Ispirato da suggestive “vicende extraterrestri”, “Signals” ostenta in maniera evidente la venerazione dei suoi autori, gli scozzesi
Preacher, per le sonorità dilatate, soffuse e sofisticate dei Pink Floyd
post-Barrett, a cui aggiungono suggestioni di Marillion, Alan Parsons (ascoltare lo strumentale “Arrival” per referenze immediate …) e bagliori interpretativi del Bowie “spaziale”.
Il risultato è complessivamente piacevole e d’effetto, e anche se la “dipendenza” è abbastanza manifesta, intervengono classe,
pathos e una discreta intensità espressiva ad allontanare fastidiose sensazioni di adulterazione e manierismo.

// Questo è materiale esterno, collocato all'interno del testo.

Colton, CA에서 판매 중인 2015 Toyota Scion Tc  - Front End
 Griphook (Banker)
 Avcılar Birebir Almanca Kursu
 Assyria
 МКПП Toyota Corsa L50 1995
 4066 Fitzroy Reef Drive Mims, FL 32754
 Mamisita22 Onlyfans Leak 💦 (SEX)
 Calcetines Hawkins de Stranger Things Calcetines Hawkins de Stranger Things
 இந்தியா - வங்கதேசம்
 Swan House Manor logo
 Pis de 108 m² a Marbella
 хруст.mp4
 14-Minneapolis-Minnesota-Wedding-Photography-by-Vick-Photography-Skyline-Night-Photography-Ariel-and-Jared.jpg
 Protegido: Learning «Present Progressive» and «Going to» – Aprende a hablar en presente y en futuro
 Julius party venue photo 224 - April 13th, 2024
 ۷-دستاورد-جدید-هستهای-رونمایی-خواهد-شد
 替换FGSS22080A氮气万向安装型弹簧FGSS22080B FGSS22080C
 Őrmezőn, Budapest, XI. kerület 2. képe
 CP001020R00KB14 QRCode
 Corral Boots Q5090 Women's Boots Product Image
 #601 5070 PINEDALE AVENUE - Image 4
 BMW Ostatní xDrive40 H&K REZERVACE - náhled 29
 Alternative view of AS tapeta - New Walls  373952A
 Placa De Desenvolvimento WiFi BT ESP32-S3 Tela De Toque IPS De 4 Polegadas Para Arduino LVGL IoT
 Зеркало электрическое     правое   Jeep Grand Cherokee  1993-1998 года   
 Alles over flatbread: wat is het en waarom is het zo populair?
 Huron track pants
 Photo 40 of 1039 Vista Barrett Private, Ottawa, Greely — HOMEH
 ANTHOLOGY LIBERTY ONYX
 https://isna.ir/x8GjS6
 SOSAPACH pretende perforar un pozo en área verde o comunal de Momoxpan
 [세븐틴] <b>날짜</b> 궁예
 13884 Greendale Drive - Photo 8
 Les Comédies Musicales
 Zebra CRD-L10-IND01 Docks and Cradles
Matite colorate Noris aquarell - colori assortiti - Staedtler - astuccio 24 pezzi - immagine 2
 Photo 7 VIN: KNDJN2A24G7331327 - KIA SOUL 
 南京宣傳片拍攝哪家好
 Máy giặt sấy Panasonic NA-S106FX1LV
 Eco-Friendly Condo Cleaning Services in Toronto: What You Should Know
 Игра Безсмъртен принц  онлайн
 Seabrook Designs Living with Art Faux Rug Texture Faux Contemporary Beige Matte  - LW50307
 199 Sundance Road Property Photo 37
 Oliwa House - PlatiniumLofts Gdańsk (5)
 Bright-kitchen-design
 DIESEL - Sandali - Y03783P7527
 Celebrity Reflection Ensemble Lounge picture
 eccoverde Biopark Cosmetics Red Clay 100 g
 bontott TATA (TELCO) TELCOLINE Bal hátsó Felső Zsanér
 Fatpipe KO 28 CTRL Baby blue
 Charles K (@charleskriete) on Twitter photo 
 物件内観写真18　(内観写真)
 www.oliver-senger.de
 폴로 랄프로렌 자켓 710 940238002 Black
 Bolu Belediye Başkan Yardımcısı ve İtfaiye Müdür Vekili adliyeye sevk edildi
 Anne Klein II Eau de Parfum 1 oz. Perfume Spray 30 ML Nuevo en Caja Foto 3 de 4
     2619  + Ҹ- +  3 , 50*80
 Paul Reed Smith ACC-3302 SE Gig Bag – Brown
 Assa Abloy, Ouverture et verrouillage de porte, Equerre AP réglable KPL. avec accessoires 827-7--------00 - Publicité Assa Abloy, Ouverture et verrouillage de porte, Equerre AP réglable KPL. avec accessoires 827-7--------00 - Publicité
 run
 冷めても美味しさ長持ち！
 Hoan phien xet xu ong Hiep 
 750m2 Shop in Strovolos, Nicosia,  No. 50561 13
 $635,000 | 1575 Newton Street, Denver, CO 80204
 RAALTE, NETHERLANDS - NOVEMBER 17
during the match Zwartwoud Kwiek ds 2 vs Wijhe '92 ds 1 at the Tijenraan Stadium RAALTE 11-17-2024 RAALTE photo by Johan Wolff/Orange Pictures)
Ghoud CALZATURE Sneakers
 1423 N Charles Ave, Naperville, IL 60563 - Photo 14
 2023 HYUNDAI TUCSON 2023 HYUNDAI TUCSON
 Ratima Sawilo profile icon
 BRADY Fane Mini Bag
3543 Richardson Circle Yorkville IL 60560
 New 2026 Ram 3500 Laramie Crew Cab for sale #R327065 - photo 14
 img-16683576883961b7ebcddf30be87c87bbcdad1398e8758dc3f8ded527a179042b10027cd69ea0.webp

Questo non significa avere a che fare con nuovi sconvolgenti “fenomeni” del
prog rock europeo, eppure le languidità “cosmiche”, le atmosfere solenni e la rarefazione estetizzante di cui è costellato il programma riescono ad affascinare a sufficienza l’astante, a patto, ovviamente, che il soggetto in questione sia un profondo estimatore delle melodie soffici, oniriche e “metafisiche”.
Personalmente considero i “due” Murphy, Martin con il suo vellutato e fascinoso timbro
british e Greg con un sensibile
guitar-work d’estrazione tipicamente Gilmour-
esque, il classico valore aggiunto della situazione, ma in realtà è un po’ tutta la formazione a risultare affiatata e compatta, naturalmente votata a questa forma di
psichedelia vaporosa e, in qualche modo, di facile “consumo”.
“The sea”, “First contact”, i profumi orientali di “Friends of my dreams” e poi ancora il tocco decadente della seducente
title-track e delle incantevoli “The factor”, “Our destiny” e “I will be there”, appaiono i momenti più efficaci di album molto “distensivo” e disciplinato nelle sue intenzioni artistiche … se avete bisogno di una “pausa” o avete nostalgia delle ben note
ouvertures Floyd-
iane, i Preacher possono rappresentare una scelta plausibile.